An unexpected safety dimension arose when Tunnel Mike encountered a zone of contaminated groundwater originating from a nearby industrial area. Slowing its pace to safeguard workers in the confined space until the hazard was past, the tunnel-boring machine was able to safely pick up speed and complete its five-mile journey, using GPS guidance and laser positioning to arrive within 3 in. of its preselected breakthrough point. 

A view of the quarry pump station’s loading area and vertical turbine pump.
Photo by Brian Grassel

Distance Learning

Another safety adaptation awaited the Atlanta Water Supply Program in 2020, as the spread of COVID-19 complicated the project’s final months. The project team implemented masking, social distancing and other measures as various elements were complete, but a different approach would be needed for the scheduled springtime assembly and installation of three 1,800-hp, 300-ft-long, 40-MGD submersible pumps fabricated by German manufacturer Andritz for the quarry pump station.

Huie explains that the pump supply contract required the guidance of onsite Andritz representatives, who were unable to travel to the U.S. due to pandemic travel restrictions. With the borders still blocked after a three-month postponement of the pump work and the project’s finish line tantalizingly in sight, the PC/Russell team sought an acceptable oversight alternative.

Taking advantage of the pandemic’s proliferation of remote communication options, the project team installed a network of high-definition cameras at the pump installation sites. Using a video conference platform, Andritz experts monitored each step of the work remotely, and in real time. By August, the pumps were in place and ready to go.

The project’s tunnel-boring team broke through in the fall of 2018.
Photo by Ulrich Brinkmann Photography

“Knowing they’d have no direct supervision, our team had made the most of the delay, preparing for the process and communicating with their counterparts in Germany to understand exactly how the pumps worked,” Huie says. “As it turned out, the people at Andritz said it was one of the better installation and commissioning jobs they had.”

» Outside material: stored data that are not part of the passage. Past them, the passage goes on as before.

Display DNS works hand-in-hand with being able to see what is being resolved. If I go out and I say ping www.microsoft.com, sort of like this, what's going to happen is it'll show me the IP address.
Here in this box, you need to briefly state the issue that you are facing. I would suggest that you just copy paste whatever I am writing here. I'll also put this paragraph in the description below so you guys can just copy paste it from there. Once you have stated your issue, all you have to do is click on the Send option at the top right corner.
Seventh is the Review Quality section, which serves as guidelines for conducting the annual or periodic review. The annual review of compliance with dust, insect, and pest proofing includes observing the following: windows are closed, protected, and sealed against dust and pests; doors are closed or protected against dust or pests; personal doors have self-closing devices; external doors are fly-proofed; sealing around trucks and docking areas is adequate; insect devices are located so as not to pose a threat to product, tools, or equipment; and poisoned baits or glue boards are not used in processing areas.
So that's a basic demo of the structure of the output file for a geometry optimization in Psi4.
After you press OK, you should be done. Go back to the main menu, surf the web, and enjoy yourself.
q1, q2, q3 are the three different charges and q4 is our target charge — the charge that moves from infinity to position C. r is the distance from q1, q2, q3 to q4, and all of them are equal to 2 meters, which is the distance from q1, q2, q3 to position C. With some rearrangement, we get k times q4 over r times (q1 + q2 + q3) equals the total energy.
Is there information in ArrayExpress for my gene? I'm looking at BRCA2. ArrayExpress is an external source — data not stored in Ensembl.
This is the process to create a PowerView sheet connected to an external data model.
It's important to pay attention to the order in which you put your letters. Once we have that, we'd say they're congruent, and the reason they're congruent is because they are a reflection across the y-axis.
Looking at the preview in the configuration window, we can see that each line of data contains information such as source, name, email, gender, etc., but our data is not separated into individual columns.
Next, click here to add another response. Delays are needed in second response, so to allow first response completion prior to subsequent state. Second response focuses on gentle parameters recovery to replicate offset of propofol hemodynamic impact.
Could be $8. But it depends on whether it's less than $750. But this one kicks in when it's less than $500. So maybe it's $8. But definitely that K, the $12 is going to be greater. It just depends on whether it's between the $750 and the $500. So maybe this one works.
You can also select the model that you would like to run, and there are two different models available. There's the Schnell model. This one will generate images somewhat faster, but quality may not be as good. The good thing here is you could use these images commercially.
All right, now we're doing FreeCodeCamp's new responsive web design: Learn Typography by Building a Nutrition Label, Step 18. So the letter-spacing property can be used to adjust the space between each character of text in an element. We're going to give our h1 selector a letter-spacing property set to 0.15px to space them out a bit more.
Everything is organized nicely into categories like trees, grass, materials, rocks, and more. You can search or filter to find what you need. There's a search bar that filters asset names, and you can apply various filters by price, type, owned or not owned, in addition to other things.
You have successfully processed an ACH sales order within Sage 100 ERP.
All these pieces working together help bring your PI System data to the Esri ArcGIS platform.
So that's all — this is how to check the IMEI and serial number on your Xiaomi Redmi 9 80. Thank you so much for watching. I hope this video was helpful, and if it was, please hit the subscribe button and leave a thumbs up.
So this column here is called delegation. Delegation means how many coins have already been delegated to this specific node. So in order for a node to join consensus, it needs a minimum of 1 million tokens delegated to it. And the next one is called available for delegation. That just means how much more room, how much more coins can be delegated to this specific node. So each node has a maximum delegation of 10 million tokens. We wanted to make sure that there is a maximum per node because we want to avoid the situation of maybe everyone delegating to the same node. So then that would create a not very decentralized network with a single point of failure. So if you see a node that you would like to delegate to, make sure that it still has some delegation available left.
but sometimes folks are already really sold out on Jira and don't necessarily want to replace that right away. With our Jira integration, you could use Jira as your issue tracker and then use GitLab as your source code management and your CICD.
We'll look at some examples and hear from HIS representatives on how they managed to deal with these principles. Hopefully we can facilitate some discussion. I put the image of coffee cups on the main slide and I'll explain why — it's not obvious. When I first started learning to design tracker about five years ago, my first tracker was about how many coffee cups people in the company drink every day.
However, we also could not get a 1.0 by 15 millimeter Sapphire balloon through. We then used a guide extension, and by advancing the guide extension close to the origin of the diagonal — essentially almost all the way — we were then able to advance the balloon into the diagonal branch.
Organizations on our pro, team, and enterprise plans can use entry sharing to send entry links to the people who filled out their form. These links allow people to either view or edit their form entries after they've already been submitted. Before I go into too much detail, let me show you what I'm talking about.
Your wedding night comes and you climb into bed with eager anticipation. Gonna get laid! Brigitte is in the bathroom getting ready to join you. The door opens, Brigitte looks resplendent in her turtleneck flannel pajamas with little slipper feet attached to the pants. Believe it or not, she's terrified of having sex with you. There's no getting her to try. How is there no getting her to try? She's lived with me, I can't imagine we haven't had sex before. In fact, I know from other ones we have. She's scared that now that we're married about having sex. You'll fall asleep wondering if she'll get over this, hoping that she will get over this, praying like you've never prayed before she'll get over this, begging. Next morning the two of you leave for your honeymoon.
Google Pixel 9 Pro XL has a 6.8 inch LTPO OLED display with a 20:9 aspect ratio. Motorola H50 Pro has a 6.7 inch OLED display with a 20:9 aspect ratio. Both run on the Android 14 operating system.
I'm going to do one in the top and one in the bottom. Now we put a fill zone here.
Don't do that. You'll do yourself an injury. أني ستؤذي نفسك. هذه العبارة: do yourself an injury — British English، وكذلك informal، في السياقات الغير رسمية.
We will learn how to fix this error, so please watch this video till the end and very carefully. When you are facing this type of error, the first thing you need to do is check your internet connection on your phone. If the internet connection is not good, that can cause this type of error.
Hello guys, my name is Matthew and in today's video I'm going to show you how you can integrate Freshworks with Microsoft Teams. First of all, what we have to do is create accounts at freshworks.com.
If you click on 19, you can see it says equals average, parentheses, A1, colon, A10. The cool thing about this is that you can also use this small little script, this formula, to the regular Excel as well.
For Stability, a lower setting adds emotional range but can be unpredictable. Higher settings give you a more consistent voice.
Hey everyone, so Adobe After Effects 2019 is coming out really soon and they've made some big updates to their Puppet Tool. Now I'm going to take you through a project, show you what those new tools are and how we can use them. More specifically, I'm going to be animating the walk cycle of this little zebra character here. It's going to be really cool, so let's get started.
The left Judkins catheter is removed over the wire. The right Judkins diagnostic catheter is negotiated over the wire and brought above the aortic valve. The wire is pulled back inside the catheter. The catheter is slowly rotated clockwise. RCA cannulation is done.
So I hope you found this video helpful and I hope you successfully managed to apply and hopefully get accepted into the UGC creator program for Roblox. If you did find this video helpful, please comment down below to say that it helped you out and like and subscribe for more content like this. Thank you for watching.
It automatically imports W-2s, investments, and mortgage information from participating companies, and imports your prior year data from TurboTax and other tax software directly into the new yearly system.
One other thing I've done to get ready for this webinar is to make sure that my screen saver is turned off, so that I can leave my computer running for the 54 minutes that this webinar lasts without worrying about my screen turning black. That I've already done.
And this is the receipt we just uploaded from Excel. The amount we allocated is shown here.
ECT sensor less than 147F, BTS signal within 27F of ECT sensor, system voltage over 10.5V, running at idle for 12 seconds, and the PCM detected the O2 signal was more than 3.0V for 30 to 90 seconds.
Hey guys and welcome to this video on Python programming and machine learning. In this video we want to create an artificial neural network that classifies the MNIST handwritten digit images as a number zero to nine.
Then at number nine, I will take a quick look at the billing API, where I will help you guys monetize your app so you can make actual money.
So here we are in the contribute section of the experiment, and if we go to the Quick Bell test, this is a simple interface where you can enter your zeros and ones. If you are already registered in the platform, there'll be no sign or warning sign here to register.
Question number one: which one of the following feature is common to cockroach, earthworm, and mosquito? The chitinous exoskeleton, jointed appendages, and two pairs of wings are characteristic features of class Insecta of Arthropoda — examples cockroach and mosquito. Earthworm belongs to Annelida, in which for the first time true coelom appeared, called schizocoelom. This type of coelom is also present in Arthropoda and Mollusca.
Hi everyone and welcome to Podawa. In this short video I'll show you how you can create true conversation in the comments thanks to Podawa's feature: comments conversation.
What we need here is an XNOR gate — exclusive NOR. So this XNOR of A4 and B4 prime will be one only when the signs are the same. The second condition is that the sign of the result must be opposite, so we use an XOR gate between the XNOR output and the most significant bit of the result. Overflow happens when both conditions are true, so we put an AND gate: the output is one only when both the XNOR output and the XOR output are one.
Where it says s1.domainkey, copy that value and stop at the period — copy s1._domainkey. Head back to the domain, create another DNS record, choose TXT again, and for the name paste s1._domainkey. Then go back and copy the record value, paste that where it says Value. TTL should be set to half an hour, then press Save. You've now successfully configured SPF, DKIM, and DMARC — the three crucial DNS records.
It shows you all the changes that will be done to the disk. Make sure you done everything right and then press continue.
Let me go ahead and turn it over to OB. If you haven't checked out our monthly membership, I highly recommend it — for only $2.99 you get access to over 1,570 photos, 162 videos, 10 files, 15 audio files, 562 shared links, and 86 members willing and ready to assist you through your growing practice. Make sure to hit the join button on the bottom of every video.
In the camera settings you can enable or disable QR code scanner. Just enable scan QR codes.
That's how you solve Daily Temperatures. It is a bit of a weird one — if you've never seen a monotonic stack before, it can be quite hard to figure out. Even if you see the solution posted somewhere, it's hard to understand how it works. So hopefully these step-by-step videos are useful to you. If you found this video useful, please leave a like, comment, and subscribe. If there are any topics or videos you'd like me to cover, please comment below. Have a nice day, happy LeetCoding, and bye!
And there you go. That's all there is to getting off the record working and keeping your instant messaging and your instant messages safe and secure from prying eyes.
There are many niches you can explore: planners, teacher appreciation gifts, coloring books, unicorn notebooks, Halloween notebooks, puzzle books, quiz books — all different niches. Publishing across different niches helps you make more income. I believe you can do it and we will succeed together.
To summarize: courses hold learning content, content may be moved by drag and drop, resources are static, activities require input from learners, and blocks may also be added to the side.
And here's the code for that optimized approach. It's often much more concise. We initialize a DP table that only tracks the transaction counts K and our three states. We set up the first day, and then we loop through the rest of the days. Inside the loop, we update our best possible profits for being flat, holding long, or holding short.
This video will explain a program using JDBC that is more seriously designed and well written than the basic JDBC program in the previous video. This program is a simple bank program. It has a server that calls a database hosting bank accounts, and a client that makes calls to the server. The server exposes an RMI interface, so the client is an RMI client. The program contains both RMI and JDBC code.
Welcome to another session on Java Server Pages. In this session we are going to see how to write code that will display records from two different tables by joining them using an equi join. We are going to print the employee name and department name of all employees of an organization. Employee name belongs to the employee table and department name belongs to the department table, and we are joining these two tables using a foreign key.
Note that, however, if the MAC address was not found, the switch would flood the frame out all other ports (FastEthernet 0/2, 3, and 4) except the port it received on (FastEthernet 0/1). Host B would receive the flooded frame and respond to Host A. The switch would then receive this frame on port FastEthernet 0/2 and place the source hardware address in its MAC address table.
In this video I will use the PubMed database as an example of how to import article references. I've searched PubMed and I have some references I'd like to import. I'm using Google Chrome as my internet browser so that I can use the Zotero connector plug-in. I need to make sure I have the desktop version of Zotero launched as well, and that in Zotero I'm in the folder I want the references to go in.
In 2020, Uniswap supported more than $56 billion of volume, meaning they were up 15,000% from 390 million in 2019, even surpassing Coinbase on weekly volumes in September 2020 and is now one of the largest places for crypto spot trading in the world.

The same could be said for the overall project. According to the PC/Russell joint venture, the work was completed for $5 million below the $321.3 million guaranteed maximum price, and there were no recordable incidents or lost-time accidents among the team’s 209,000 hours on the job.

Characterizing the project as “five years of very intense, difficult and challenging work,” Huie credits the CMAR-fostered collaboration for achieving successes and innovations that, under other circumstances and delivery approaches, might have been more difficult to accomplish.

“Day-to-day teaming of the project made it successful,” he says. “When we encountered problems, we all got together around the table and analyzed issues. Everyone shared the risk, understood the problems and participated in solving them. It goes to show that when people come together with a common goal and work in the best interests of the project, you can get some tremendous results,” he says.

Abon agrees, noting the importance of creating an environment where every participant has a voice and can contribute. “Without CMAR,” he says, “I don’t know how you’d do all that.”